9. Cover pot and bring water to a gentle boil. Process jam jars for 10 minutes. Remove jars carefully and place upright on a towel to cool completely. After jars cool, check seals by pressing middle of lid with finger. (If lid springs back, lid is not sealed and refrigeration is necessary. Also, if one jar is left not completely filled within 1/8 inch of the top, refrigerate that one as well.)
10. Let jars stand at room temperature for 24 hours. Store unopened jams in a cool, dry, dark place for up to 1 year. Sure-Jell says that opened jams last in the fridge for up to 3 weeks, but I've had jams that hold up for a month or two. I'll let you be the judge of your own jam, but one rule of thumb--if it's growing fuzz, has a fizzy or fermented taste, or just doesn't smell right to you, then don't eat it.
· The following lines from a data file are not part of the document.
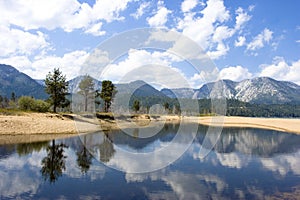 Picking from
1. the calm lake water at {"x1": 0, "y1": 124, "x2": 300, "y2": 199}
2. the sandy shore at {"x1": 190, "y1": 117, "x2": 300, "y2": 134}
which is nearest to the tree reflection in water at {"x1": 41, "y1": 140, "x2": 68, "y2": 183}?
the calm lake water at {"x1": 0, "y1": 124, "x2": 300, "y2": 199}

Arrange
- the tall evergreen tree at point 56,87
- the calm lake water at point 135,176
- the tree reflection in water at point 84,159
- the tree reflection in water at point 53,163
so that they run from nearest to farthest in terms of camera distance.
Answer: the calm lake water at point 135,176 < the tree reflection in water at point 53,163 < the tree reflection in water at point 84,159 < the tall evergreen tree at point 56,87

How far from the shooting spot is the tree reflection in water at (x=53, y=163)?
25.4 meters

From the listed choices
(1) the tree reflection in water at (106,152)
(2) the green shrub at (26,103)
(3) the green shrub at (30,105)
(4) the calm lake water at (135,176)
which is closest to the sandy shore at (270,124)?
(4) the calm lake water at (135,176)

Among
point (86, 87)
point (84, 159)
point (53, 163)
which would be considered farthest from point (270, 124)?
point (53, 163)

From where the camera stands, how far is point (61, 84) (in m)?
80.5

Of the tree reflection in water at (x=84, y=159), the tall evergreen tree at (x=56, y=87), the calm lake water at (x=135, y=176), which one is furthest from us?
the tall evergreen tree at (x=56, y=87)

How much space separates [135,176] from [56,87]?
200ft

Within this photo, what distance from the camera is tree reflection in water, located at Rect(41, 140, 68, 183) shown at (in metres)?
25.4

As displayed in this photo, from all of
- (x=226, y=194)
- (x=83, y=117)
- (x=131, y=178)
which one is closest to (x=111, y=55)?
(x=131, y=178)

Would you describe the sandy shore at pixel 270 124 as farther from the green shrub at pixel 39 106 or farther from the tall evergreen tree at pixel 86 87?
the green shrub at pixel 39 106

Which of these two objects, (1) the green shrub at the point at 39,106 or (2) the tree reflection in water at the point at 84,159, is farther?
(1) the green shrub at the point at 39,106

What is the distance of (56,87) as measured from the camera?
80.2 metres

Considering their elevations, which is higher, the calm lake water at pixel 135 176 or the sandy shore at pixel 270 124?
the sandy shore at pixel 270 124

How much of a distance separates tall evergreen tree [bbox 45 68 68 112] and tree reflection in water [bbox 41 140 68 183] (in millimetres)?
41348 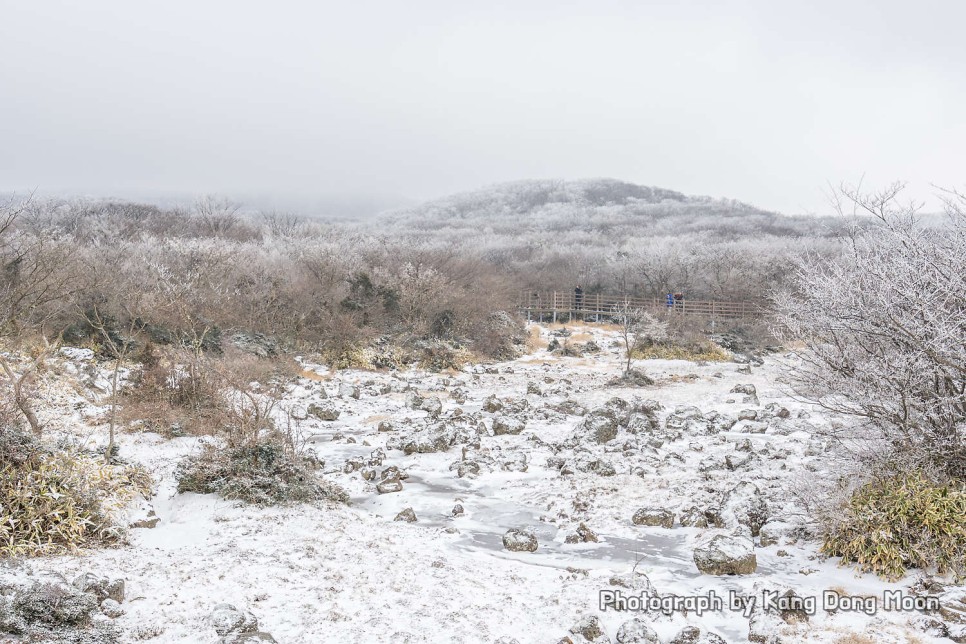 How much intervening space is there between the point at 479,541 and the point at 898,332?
191 inches

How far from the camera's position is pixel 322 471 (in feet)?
33.4

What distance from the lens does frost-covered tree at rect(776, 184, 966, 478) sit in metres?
6.14

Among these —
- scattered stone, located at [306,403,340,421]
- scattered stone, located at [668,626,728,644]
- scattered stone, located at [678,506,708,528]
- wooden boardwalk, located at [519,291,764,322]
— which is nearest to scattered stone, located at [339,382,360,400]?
scattered stone, located at [306,403,340,421]

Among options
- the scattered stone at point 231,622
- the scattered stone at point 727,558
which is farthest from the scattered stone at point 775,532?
the scattered stone at point 231,622

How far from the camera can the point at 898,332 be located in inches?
252

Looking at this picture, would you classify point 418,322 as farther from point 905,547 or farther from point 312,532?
point 905,547

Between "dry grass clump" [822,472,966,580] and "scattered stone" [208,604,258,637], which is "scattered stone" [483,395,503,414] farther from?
"scattered stone" [208,604,258,637]

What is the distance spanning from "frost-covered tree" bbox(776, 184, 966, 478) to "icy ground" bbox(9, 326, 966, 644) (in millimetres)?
674

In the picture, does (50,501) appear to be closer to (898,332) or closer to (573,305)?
(898,332)

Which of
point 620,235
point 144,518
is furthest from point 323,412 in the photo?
point 620,235

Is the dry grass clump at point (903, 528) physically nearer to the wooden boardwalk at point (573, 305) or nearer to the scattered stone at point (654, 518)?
the scattered stone at point (654, 518)

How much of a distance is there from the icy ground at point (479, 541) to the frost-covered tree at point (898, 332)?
67cm

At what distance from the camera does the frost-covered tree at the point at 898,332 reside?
20.1 ft

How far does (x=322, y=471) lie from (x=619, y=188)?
525ft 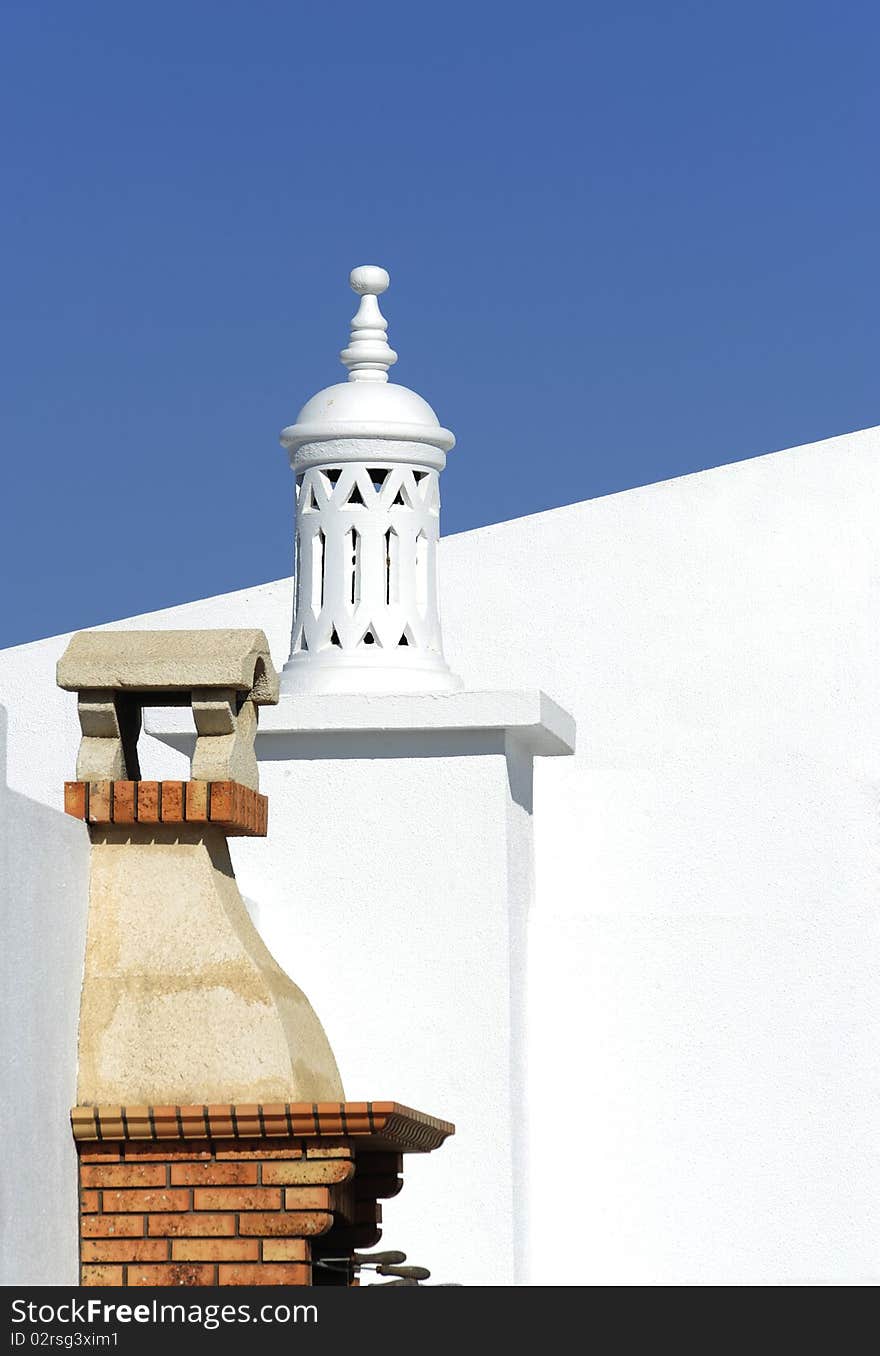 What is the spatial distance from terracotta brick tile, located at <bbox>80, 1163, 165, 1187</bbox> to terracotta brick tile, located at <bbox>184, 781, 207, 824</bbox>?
1.02 metres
REMEMBER: WHEN IN DOUBT, THROW IT OUT.
**One last note: I've followed the much less complicated Quick and Easy Freezer Jam Recipes with great success. So if the whole canning process scares you or you're just not up to the task, then by all means try the freezer jam method included in the Sure-Jell instruction booklet that comes with the pectin. Or if I get any requests, I'll certainly add instructions to this recipe!